Niente è perduto finché c’è Robert Redford

“All is lost”

Tutto può perdersi, tranne lui. Robert Redford con la sua chioma sempre bionda (con qualche tinta virata all’arancio) resta un punto irriducibile nello star system americano. Non che sia il più grande, o l’unico, o il più ricco, o il più potente tra i divi: è semplicemente il migliore. Il migliore a capire i tempi e cogliere le sfide autentiche del fare cinema, il più intelligente a dare uno spessore più profondo, politico, alla sua immagine splendida. Robert Redford. Il Migliore.

Cosa sono Ben Affleck o George Clooney, divi mondiali diventati autori con progetti politicamente impegnati su temi come la libertà di stampa, le missioni segrete, i retroscena fangosi delle campagne elettorali, se non nipotini di Redford? Il Redford Condor della Cia per Pollack, il Redford Woodward del caso Watergate per Pakula, il Redford Candidato per Ritchie. Il Redford che incredibilmente fu omaggiato dalla Hollywood degli Oscar come autore di “Gente comune” ma mai una volta come attore. Nonostante abbia interpretato meglio di tutti sullo schermo un’anima precisa dell’America, l’anima liberal, forse quella che piace alla gente che piace, ma che in lui aveva un carattere avvincente, profondo, convinto, non cosmetico. Il suo sguardo sempre pulito nelle vicissitudini dei suoi personaggi è sempre immunizzato dal peccato e dalla colpa, mai nevrotico come certi antieroi di De Niro o Pacino o Nicholson, crepuscolare ma non perdente come Hoffman, vitalistico ma non agonistico come Hackman, sfacciato come solo Warren Beatty ma più sfaccettato, più aristocratico, principesco ma non monumentale e inaccessibile come Marlon Brando e Paul Newman, un Grande Gatsby, che naturalmente interpretò, ma purificato, proiettato nei paradisi della vittoria però senza arroganza né presunzione. Non per caso Redford si è a lungo dedicato al genere più quintessenziale del cinema americano, il western, dove tratteggiò il cowboy nel cielo capovolto e kennedyano del johnwaynismo, facendone un pellegrino problematico, bisognoso di pacificarsi con l’eccidio pellerossa (il Kostner più famoso non è che una sua riedizione), solitario senza misantropia, camminatore delle profondità nella natura e nella gloria del paesaggio statunitense, come un picaro sentimentale o un cavaliere elettrico. I molti passi di una carriera tra la frontiera e il centro esatto del sogno americano, di cui forse è l’incarnazione più esauriente. Per non parlare poi del suo personaggio – quasi un unico personaggio declinato su varie sceneggiature – dello spaccacuore amoroso, matrice di un Mister Blonde contemporaneo che ha come epigoni Brad Pitt, Leonardo DiCaprio o Matthew McConaughey.

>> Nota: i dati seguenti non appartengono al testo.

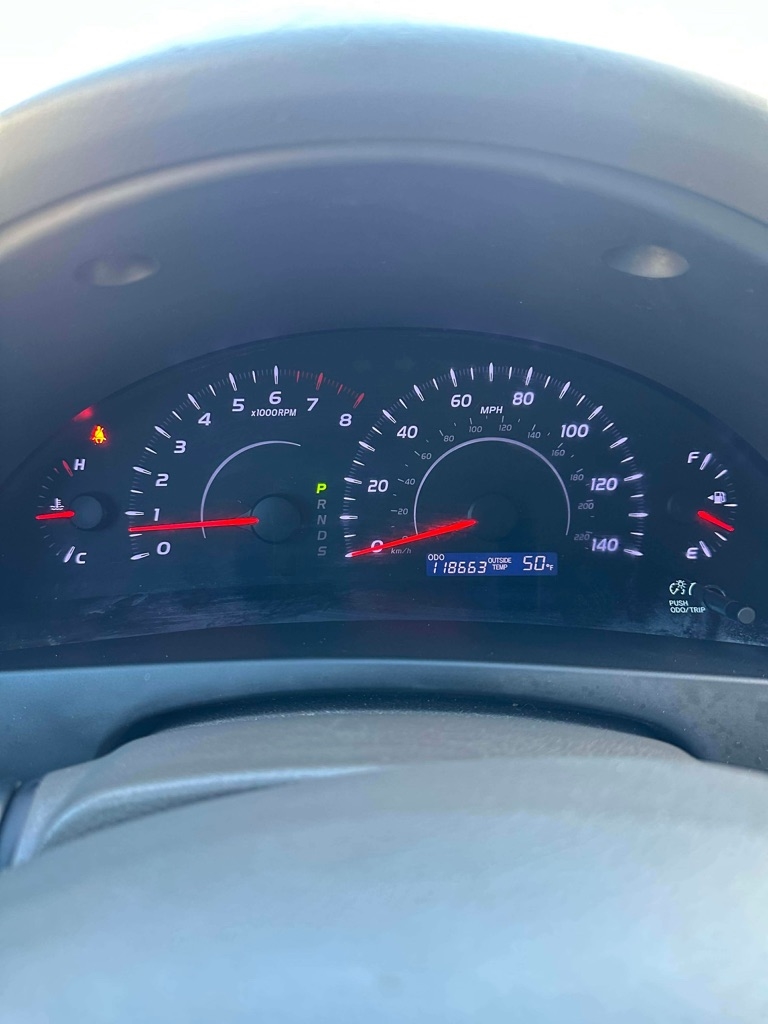 Toyota Camry Base 6-Spd AT 2011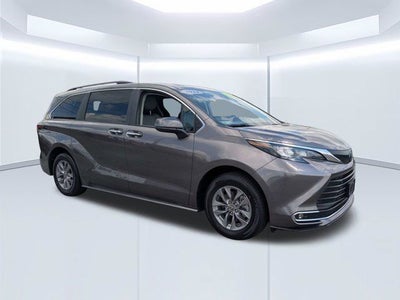2024 Toyota Sienna XLE 8 Passenger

E ci sarebbe tanto da discutere della sua intuizione strepitosa di coltivare nelle sue proprietà dello Utah innevato una sorta di nuova Hollywood indipendente, organizzando da inizio anni Novanta quel gioiello che è il Sundance Film Festival, impostosi come modello di scouting e promozione di talenti per tutti i festival del mondo: lì sono stati lanciati Jarmusch e Tarantino, Nolan e Aronofsky. Basterebbe anche solo questo.

Un uomo di cinema a tutto tondo, perfetto, più consapevole e più generoso delle altre stelle hollywoodiane. In questi giorni nelle sale italiane un film ne rilancia la bravura, All is lostone man show che vede in scena solo lui, in una parte quasi del tutto muta, perso in mezzo all’oceano su una barca speronata da un container, sul limite della fine. Una prova di recitazione e anche di resistenza per il 77enne Redford, che recita in condizioni davvero proibitive. Il regista J.C. Chandor utilizza il divo più sperimentale per un film molto sperimentale, certamente a rischio noia in certi punti, ma riuscito. Un film sull’uomo, il suo istinto di sopravvivenza, la capacità di contrastare le avversità, il confine tra energia e disperazione. Ma soprattutto, idealmente e tangibilmente insieme, un film su Robert Redford. Fino a che c’è lui, niente è perduto.